Yes — but only if the attacks stop and leaders choose to cooperate. The technology already exists.
Table 4: Solutions
| Solution | How It Helps |
| Solar Desalination | Plants powered by sunlight — cheaper, cleaner, cannot be blocked |
| Water Recycling | Israel recycles ~90% of used water. Other nations are learning this. |
| Smart Farming | New farming methods use far less water than traditional ones |
| River Agreements | Countries sharing rivers can cooperate instead of fighting over water |
| Renewable Energy | Clean power keeps desalination plants running without oil dependency |
| Did You Know?
Israel recycles nearly 90% of its wastewater for farming. The UAE is building solar-powered desalination plants that run entirely on sunlight. These solutions are already working — they just need investment and the will to act. |
DISCUSSION QUESTIONS
Think and Discuss
Why are desalination plants a more dangerous target than oil facilities in a conflict?
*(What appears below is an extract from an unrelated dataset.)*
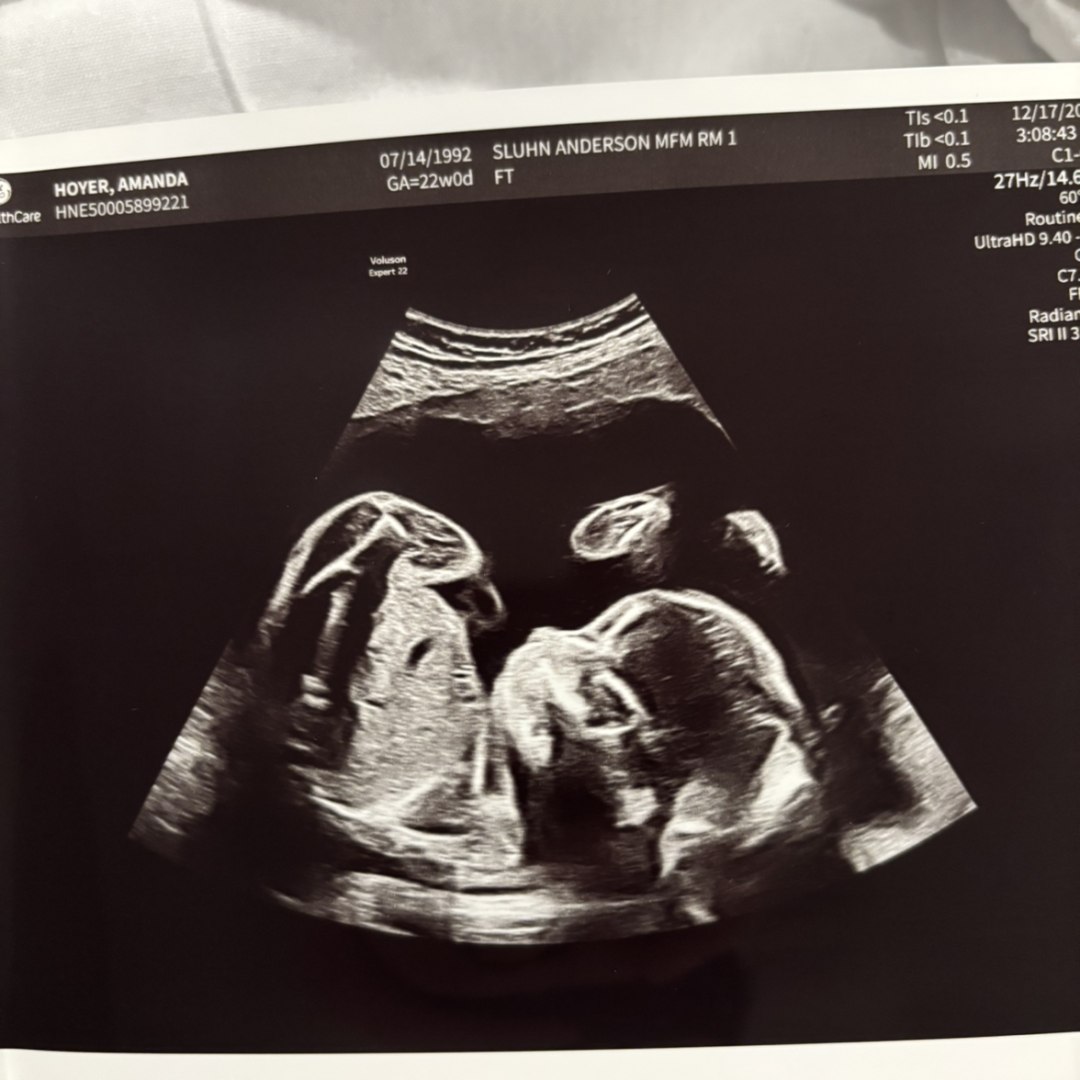 Photo shared by Amanda for their Babylist baby registry.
If a country’s entire water supply can be cut off in one airstrike, what does that mean for national security?
Should attacking a water plant be treated as a war crime?
How can Gulf nations reduce their dependence on desalination plants?
In what ways does the water crisis in the Middle East affect someone living in India, Kenya, or the UK?
GLOSSARY
Important Words Explained
| Word | Simple Meaning |
| Desalination | Removing salt from seawater to make it safe to drink. |
| MENA | Middle East and North Africa — countries like Egypt, Saudi Arabia, Iran, and UAE. |
| Strait of Hormuz | A narrow sea passage between Iran and Oman. 20% of world oil travels through it daily. |
| Water Stress | When there is not enough fresh water for people, farms, and industries in a region. |
| Aquifer | A large underground layer of water stored in rock or soil, like a natural underground lake. |
| Cogeneration Plant | A plant producing both electricity and water together. Destroying it cuts off both at once. |
| “The world fights over oil. The next war will be over water.”